New Jersey Future’s latest report, OFF TRACK? An Assessment of Mixed-Income Housing around New Jersey’s Transit Stations, assesses the degree to which the distribution of household income within each transit station’s immediate neighborhood matches up with, or departs from, the distribution of household income in the larger region in which the station is located. By understanding this divergence, towns will be better able to make decisions about the types of housing they should be zoning for and encouraging.
New Jersey’s extensive public transportation system is a valuable resource, allowing residents in many parts of the state to get from one place to another without having to drive on an increasingly congested highway network. Many of the neighborhoods surrounding the system’s 244 stations offer residents the opportunity to reduce their transportation expenses, sometimes enabling households to own fewer vehicles than they would otherwise need, or even no vehicles at all.

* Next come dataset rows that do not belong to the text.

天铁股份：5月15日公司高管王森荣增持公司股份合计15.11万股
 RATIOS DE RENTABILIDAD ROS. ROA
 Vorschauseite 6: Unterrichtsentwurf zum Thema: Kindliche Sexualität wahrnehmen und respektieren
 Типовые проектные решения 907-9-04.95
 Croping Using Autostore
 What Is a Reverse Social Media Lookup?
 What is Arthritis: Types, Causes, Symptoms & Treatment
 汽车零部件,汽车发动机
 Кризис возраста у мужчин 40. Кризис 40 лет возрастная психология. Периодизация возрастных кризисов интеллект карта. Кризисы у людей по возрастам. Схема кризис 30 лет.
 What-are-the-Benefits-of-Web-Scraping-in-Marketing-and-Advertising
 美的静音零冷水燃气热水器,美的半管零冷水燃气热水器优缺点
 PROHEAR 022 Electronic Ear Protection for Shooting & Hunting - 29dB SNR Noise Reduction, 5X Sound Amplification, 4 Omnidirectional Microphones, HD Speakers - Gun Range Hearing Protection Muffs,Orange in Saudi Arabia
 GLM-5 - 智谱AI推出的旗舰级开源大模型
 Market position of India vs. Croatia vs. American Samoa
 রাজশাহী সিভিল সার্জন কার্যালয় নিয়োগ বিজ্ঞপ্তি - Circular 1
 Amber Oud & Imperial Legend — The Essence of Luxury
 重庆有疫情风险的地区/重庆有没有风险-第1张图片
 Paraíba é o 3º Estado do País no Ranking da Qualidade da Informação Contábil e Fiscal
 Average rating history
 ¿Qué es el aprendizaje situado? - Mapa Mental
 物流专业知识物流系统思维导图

And because many transit-hosting towns were originally built in a compact, walkable pattern to facilitate pedestrian access to the transit station, and often with a mixed-use downtown that treats the transit station as its focal point, residents of these places can accomplish many of their daily activities with much shorter travel distances than is the case in car-dependent suburbs.
But are the cost- and time-saving opportunities of transit-oriented development (TOD) accessible to everyone? Or are some transit-station neighborhoods effectively accessible only to upper-income households, due to a lack of diversity in housing options or to an insufficient supply of housing in general? Conversely, are some transit stations lying fallow in distressed neighborhoods, falling short of their potential to serve as hubs of activity and commerce for their communities? (In the latter case, the benefits for households with lower incomes of living near transit can be counteracted by the social ills that are associated with concentrations of poverty.) These are the questions the report set out to answer.
Analysis found that the state’s transit-station neighborhoods are definitely not all created equal, in terms of the degree to which they offer the benefits of living near transit to households of all income levels. On one hand, a surprisingly large number of transit stations –109 out of the 244 – have a higher percentage of single-family detached housing units in their surrounding neighborhoods than the statewide average. From a regional equity standpoint, a housing supply skewed toward single-family detached units, which are generally more expensive than other housing types like apartments or townhouses, can price out many households of more modest means, leaving the neighborhood and its mobility opportunities available only to wealthier residents. A prevalence of single-family detached housing near transit is also counterintuitive from a ridership standpoint, since the utility of public transportation rises in direct proportion to the number of people (and jobs) within easy walking distance of the station, and the best way to put more people within walking distance is by increasing the density of housing.
Other stations have the opposite problem. Not every place has been able to capitalize on the renewed demand for walkable, mixed-use, transit-accessible living that has resurfaced in the wake of the Great Recession; some station-area neighborhoods remain characterized by chronic disinvestment and concentrated poverty. In almost every case, a high concentration of households at the low end of the income spectrum is accompanied by a scarcity of households at the high end, illustrating the challenges involved in inducing middle- and upper-income households to locate into long-distressed areas. In fact, upper-income households are more uniformly rare in generally lower-income station areas than are lower-income households in more upper-income station areas.
While the report specifically looks at the income characteristics around New Jersey’s transit stations, the same analysis can be applied to towns without transit centers. Towns with compact, walkable downtowns can conduct this same assessment to see where they stand and where they should be heading, and New Jersey Future can help develop these assessments. Creating a healthy mix of housing types within a community will benefit the long-term economic health and viability of towns across the state, but it is important for towns to face these issues with information and an eye toward the future.